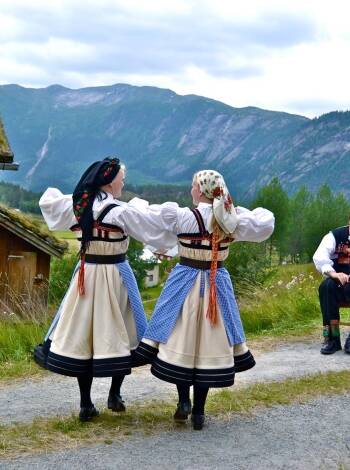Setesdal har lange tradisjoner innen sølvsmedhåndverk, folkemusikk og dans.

---

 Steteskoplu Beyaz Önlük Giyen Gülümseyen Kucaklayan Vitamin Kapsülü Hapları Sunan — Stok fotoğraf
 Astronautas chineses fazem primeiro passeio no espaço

_Your objective_. Above are records; repeat only the lines starting at the line with "Steteskoplu Beyaz Önlük" and ending at the line with "Astronautas chineses fazem", exactly as they appear, both included.

_Finished task_.
 Steteskoplu Beyaz Önlük Giyen Gülümseyen Kucaklayan Vitamin Kapsülü Hapları Sunan — Stok fotoğraf
 Astronautas chineses fazem primeiro passeio no espaço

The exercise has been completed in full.